> [What you will do]
All that is needed is the lines from the one containing "Robe bleu clair" through the end of the listing, printed exactly, with no pictures among them.

> [Data block]
- - - -

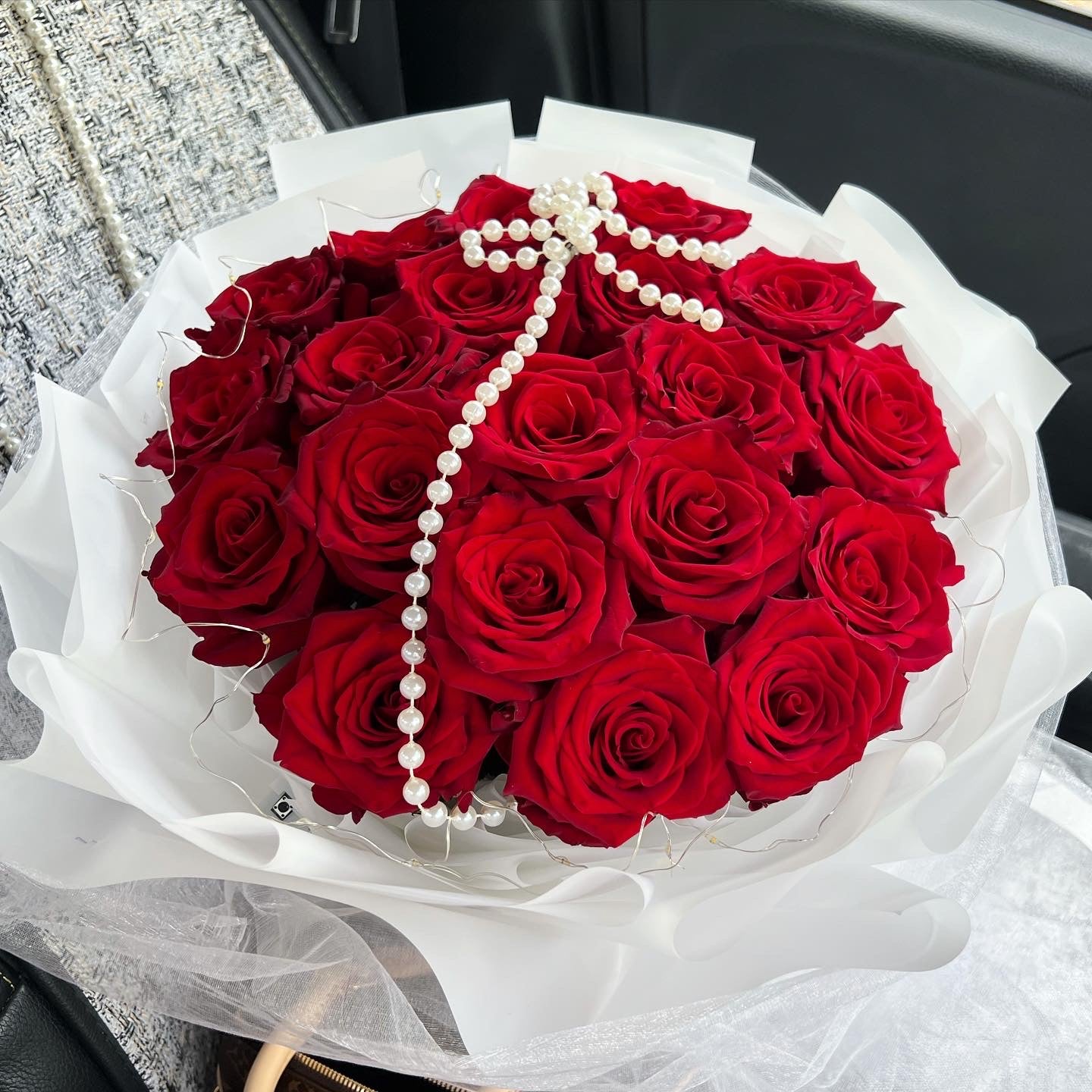 18 Stalks Fresh Red Roses in Dreamy White Bouquet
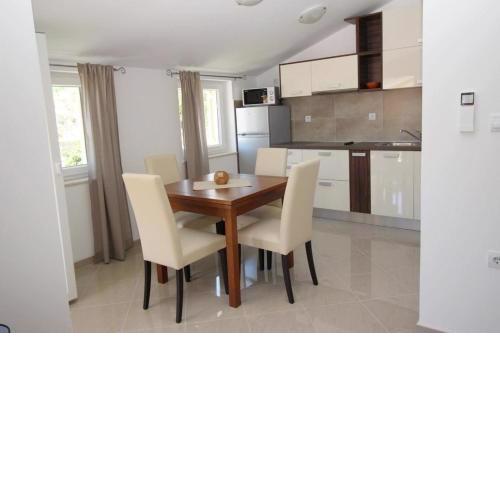 Modern eingerichtete Apartment für 2 Personen in einem Haus mit mehrere Apartments und mit Pool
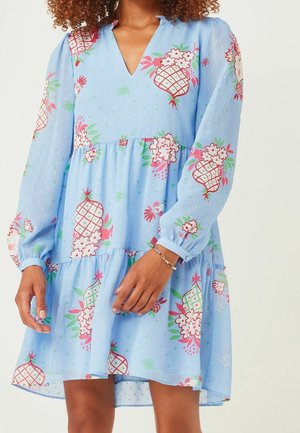 Robe bleu clair avec imprimé floral et ananas, dotée de manches longues, d'un décolleté en V et d'un ourlet à volants à étage. Tissu à pois texturé.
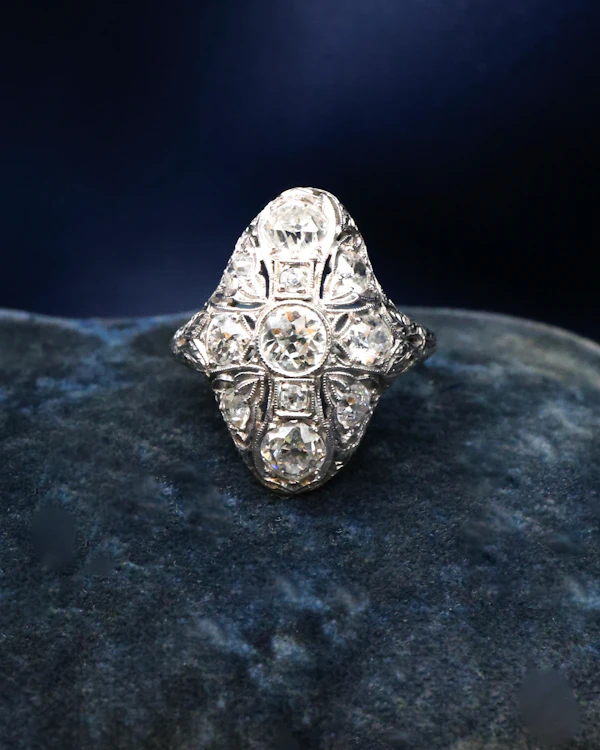 Downstairs at Grays: An extraordinary Diamond & Platinum (tested). Art Deco Demi-Bombe & Elongated Quatrefoil Ring Circa 1930 - image 1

- - - -

> [The answer]
 Robe bleu clair avec imprimé floral et ananas, dotée de manches longues, d'un décolleté en V et d'un ourlet à volants à étage. Tissu à pois texturé.
 Downstairs at Grays: An extraordinary Diamond & Platinum (tested). Art Deco Demi-Bombe & Elongated Quatrefoil Ring Circa 1930 - image 1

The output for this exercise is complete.